Road to Recovery

Key Takeaways
- The April 2nd tariff impact may prove to be less broad than once feared
- BTC is developing a high timeframe iH&S pattern suggestive of an ATH retest
- CME BTC futures premiums have dropped while ETF flows have turned positive

Digital Asset Commentary
The tariff outlook narrowed over the weekend, with the Wall Street Journal reporting that the April 2nd plan will focus on targeted reciprocal levies. This reduced tariff impact has eased market uncertainty. Risk markets responded positively, with Bitcoin rebounding over the weekend to reclaim its 200-day moving average. Additionally, Bitcoin spot ETFs saw nearly $775 million in net inflows last week — the first weekly positive flow since early February, ending a $5.3 billion outflow streak.

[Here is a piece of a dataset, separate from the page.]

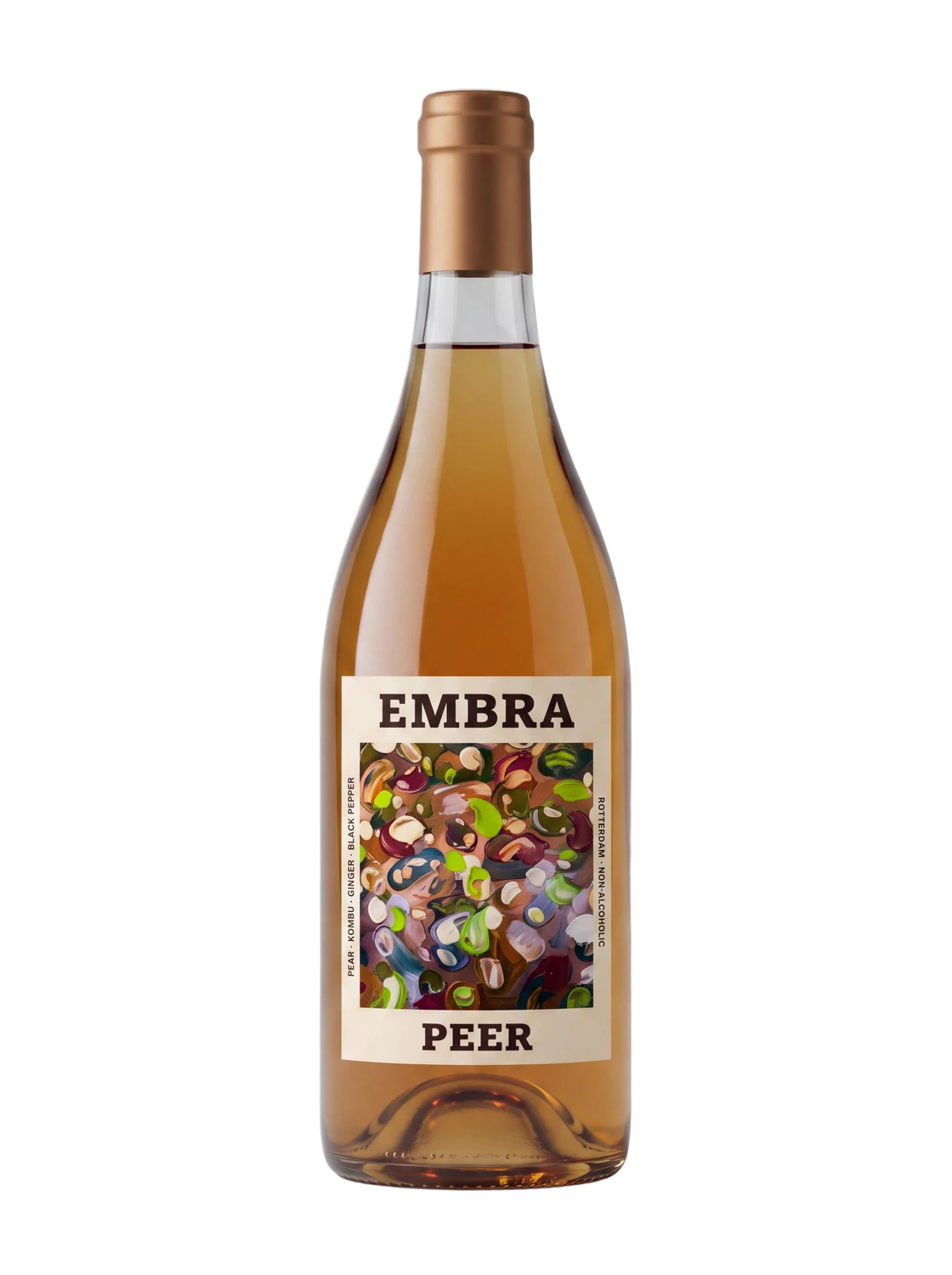PEAR — the 750 ml bottle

If the April 2nd tariff enactments turn out to be less severe than anticipated, an inverted head-and-shoulders (iHS) formation could develop into and throughout Q2, with key neckline resistance around $93K. This pattern suggests a potential price move to the $104K-$112K range, aligning with the 1.618 Fibonacci extension. A more aggressive bullish target for Q2 is the yearly pivot resistance at $121K.
Meanwhile, the CME BTC futures premium has dropped significantly from its December high but hasn’t fully reset. Similar elevated premiums were observed at the 2021 market peaks, both coinciding with extreme BTC price levels.
From a cycle perspective, Bitcoin is approaching one year post-halving, a period typically associated with positive annual performance. The two-year moving average multiplier (2YMA) offers a potential long-term cycle target near $300K. In previous cycles, Bitcoin has reached the 2YMA resistance level — including the 2021 peak — before reversing toward the 2YMA support, which currently sits at $56K.